START Stored data

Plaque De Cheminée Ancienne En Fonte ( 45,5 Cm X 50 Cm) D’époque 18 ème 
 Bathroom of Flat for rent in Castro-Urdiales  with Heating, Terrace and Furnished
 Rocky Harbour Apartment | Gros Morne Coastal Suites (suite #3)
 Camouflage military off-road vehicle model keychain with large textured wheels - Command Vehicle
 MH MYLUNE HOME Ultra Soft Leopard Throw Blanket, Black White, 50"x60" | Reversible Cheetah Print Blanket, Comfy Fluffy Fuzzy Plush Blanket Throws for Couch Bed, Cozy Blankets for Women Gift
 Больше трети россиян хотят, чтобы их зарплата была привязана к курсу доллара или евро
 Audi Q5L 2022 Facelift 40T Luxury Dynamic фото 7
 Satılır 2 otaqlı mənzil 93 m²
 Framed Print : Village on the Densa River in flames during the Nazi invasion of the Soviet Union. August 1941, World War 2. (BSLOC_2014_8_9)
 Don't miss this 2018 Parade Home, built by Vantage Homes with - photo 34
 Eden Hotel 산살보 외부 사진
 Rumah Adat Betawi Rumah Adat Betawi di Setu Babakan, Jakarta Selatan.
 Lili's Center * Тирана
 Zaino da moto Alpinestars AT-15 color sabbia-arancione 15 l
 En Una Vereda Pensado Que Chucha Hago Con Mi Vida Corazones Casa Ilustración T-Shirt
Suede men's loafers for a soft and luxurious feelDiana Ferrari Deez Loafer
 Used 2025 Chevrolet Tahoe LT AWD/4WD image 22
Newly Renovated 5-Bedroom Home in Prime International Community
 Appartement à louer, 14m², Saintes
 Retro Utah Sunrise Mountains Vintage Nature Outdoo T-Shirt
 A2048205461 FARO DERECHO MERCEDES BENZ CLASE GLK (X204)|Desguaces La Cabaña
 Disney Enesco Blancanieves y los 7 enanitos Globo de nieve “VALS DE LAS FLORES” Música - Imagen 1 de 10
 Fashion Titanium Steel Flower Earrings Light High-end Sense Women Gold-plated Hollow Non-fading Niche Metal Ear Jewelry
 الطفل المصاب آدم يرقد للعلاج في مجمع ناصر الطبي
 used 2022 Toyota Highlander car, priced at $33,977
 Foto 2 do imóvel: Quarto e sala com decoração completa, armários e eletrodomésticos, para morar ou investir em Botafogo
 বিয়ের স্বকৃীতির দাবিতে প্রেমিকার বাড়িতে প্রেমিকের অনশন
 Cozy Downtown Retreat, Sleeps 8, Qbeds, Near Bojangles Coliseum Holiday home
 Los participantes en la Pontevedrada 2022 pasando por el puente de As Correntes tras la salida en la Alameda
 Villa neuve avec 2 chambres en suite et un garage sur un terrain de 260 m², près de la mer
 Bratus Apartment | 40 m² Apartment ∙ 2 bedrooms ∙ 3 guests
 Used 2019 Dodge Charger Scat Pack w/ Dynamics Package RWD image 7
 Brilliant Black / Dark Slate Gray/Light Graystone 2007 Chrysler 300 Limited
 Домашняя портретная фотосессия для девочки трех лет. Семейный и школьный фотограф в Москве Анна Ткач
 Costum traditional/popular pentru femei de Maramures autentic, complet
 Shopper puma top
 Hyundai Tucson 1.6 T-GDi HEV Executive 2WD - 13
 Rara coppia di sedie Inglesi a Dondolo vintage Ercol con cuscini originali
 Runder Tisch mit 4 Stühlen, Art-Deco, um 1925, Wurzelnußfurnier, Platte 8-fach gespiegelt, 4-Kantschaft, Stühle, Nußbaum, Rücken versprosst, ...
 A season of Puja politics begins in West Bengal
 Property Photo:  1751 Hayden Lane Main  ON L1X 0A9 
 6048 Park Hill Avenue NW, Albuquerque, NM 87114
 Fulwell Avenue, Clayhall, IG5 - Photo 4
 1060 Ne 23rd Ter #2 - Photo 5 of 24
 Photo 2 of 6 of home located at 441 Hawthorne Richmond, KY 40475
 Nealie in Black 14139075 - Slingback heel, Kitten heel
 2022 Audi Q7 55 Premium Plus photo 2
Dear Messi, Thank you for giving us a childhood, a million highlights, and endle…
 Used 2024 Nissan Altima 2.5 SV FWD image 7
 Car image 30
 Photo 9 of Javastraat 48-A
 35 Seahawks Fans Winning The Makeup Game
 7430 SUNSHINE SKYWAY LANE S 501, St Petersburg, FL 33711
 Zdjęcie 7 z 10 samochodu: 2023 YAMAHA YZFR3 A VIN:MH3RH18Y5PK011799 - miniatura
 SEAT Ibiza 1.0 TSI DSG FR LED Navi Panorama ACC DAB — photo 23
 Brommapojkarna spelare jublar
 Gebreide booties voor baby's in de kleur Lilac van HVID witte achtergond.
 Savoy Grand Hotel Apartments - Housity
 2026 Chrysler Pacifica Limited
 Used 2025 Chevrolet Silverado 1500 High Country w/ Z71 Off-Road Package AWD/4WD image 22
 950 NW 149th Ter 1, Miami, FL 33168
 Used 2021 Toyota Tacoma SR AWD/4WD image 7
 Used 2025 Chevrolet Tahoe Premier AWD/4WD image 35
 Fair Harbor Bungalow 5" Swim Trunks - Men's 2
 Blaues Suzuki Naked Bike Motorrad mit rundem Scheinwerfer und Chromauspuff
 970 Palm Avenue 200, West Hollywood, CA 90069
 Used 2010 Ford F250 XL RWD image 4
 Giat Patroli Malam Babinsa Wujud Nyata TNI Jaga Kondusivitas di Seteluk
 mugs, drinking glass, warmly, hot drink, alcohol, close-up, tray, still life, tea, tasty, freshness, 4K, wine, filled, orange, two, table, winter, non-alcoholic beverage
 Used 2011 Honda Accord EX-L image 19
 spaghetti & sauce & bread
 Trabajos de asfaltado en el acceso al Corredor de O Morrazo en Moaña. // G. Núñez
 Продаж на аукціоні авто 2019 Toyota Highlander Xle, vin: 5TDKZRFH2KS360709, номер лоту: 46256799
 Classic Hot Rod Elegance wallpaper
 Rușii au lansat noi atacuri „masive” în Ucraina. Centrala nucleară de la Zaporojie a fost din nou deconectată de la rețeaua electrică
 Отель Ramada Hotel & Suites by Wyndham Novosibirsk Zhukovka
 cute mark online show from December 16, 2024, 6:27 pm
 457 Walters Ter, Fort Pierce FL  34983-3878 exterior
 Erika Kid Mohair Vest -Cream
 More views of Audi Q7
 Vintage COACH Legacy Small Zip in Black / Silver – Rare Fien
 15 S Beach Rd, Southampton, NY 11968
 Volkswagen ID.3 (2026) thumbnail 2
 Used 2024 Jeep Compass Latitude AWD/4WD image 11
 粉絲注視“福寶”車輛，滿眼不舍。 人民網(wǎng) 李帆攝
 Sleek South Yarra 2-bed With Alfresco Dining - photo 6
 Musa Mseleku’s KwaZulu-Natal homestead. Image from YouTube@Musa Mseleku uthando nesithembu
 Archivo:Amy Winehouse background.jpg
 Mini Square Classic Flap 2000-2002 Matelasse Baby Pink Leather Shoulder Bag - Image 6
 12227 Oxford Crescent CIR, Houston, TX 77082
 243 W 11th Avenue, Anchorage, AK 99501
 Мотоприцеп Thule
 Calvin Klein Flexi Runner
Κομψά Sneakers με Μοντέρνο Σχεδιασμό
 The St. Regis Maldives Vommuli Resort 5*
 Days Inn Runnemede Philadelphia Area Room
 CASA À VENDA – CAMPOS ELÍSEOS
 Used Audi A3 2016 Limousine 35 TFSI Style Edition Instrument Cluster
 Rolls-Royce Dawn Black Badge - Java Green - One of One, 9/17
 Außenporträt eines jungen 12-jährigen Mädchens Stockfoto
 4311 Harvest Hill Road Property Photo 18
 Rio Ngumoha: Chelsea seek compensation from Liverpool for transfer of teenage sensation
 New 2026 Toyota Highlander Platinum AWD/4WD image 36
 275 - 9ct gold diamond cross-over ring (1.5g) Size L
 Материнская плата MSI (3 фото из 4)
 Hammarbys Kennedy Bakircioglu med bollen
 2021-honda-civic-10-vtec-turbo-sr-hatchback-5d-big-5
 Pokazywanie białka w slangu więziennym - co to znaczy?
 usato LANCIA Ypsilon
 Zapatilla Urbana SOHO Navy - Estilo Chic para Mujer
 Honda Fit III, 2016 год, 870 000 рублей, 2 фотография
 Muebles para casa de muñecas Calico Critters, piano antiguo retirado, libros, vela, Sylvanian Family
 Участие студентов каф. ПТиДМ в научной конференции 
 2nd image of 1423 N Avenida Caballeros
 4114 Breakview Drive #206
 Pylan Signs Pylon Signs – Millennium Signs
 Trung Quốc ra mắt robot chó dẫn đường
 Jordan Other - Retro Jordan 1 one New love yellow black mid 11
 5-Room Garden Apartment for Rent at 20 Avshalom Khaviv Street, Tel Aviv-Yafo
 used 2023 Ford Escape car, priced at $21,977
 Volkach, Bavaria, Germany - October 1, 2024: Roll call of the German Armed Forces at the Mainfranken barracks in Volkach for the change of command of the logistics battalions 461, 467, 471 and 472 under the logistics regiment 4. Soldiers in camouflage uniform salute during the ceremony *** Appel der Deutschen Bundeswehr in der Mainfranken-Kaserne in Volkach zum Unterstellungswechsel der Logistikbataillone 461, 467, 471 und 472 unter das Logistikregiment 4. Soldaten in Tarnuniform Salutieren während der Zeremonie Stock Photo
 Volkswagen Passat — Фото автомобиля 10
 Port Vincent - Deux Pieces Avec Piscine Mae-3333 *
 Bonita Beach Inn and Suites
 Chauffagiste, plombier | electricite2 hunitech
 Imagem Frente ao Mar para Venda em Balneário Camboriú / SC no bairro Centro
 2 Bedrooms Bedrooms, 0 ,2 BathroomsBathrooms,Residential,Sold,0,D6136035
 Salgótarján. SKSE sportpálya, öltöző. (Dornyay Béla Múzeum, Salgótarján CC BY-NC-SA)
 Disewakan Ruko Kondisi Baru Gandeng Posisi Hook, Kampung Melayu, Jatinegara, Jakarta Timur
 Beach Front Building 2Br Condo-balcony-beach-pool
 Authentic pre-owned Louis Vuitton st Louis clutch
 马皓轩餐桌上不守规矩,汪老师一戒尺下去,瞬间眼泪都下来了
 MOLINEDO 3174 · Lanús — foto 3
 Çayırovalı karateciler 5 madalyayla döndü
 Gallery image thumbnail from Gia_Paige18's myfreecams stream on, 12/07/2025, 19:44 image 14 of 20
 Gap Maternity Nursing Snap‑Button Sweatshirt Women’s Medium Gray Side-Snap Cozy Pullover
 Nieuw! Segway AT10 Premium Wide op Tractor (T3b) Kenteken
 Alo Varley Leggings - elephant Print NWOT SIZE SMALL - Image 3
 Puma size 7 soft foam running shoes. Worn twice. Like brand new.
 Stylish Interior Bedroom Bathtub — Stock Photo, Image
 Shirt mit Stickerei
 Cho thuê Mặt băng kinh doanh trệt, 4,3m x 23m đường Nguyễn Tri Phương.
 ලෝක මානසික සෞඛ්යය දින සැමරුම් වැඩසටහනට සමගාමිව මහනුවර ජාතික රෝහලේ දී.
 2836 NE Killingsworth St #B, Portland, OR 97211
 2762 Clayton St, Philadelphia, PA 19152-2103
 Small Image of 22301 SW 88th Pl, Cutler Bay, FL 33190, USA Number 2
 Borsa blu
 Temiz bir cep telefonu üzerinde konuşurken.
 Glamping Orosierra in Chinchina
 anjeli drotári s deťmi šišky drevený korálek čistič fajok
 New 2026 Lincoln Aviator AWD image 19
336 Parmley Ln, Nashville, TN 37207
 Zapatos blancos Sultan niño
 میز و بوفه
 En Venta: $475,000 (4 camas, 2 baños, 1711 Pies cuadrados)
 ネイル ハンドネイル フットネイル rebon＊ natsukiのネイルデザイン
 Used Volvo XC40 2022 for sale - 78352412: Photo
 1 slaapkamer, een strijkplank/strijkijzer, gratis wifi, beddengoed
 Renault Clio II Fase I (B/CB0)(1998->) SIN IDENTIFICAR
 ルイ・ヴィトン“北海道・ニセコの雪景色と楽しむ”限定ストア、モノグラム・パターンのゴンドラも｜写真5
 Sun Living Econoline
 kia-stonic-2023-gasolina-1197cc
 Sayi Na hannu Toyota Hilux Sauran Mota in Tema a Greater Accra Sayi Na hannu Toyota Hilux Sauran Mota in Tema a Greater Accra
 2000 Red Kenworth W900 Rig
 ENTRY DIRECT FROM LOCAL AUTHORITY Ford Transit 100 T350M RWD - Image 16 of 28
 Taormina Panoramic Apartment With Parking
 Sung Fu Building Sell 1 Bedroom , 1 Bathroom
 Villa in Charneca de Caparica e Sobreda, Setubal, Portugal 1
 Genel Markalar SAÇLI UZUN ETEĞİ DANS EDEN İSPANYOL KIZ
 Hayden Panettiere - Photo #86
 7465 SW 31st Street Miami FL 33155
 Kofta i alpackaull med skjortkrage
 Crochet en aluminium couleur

END Stored data

What to work on:
Repeat exactly the lines above from the one with "Trung Quốc ra mắt robot chó dẫn đường" up to and including the one with "used 2023 Ford Escape car, priced at $21,977". No other line belongs in the reply.

Reply:
 Trung Quốc ra mắt robot chó dẫn đường
 Jordan Other - Retro Jordan 1 one New love yellow black mid 11
 5-Room Garden Apartment for Rent at 20 Avshalom Khaviv Street, Tel Aviv-Yafo
 used 2023 Ford Escape car, priced at $21,977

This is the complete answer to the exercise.